### About this exercise
Using the data below, return word for word every line from the one holding "4 Tip Microblade" down to the one holding "2 Vintage Hollywood". Leave pictures out.

### Record set
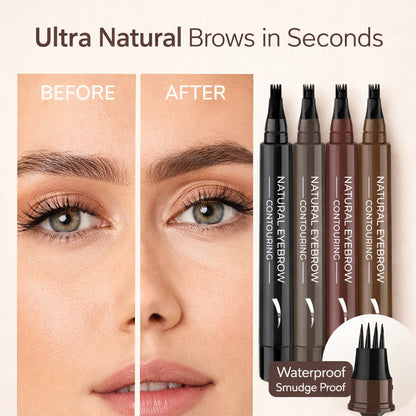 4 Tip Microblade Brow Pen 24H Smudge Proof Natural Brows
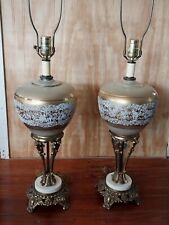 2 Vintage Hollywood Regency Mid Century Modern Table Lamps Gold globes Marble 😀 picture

---

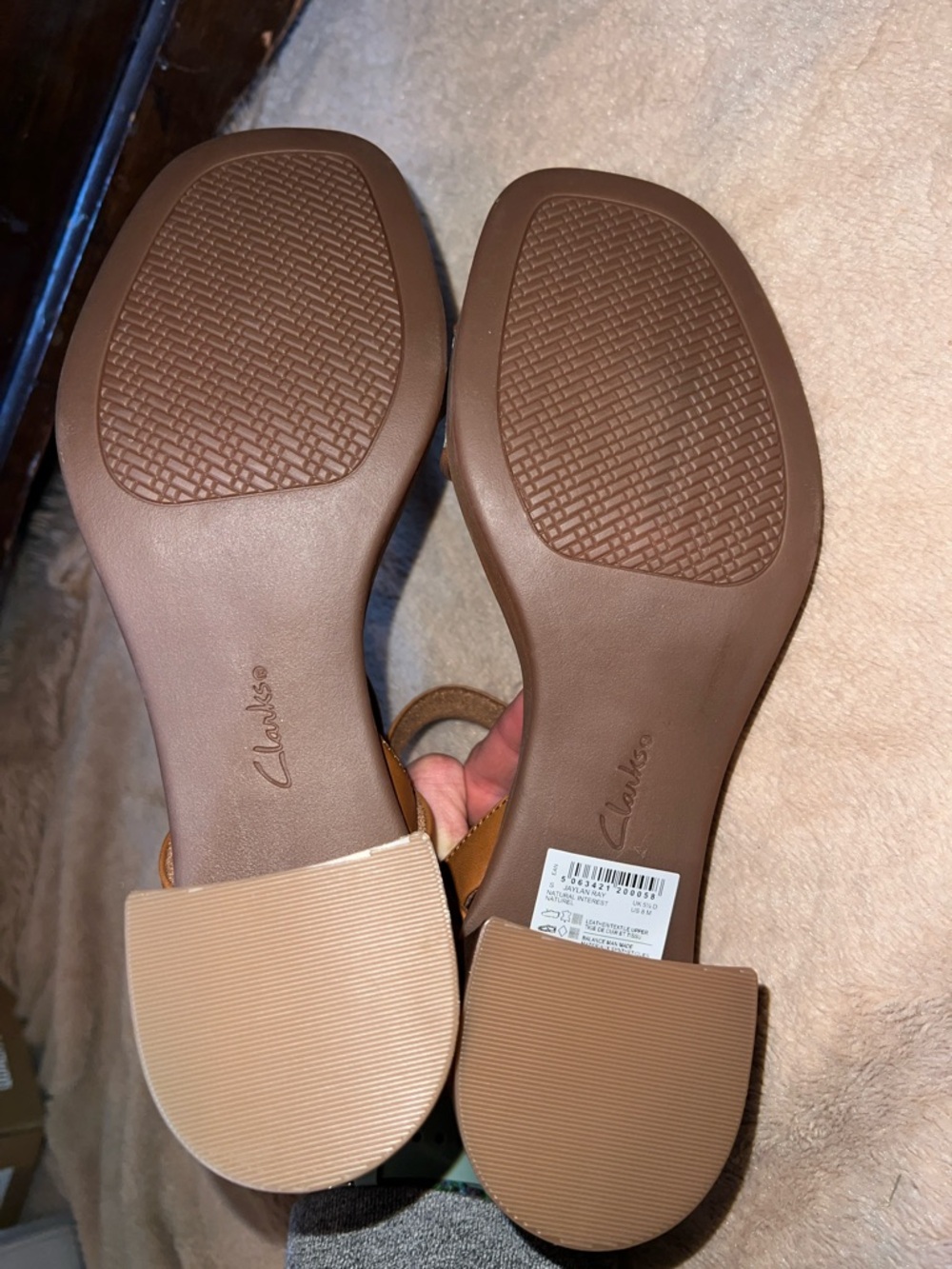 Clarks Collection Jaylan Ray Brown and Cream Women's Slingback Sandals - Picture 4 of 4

* * *

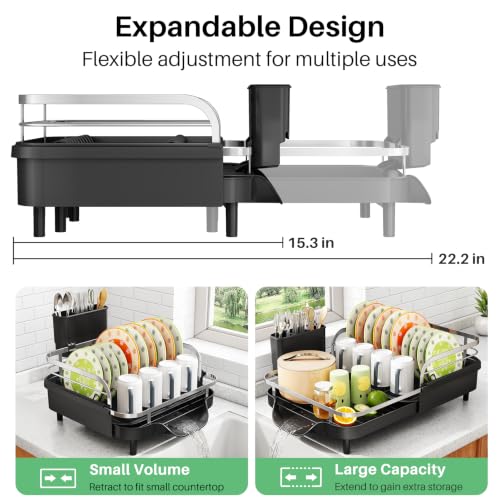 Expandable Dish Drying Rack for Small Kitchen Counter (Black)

### Finished task
 4 Tip Microblade Brow Pen 24H Smudge Proof Natural Brows
 2 Vintage Hollywood Regency Mid Century Modern Table Lamps Gold globes Marble 😀 picture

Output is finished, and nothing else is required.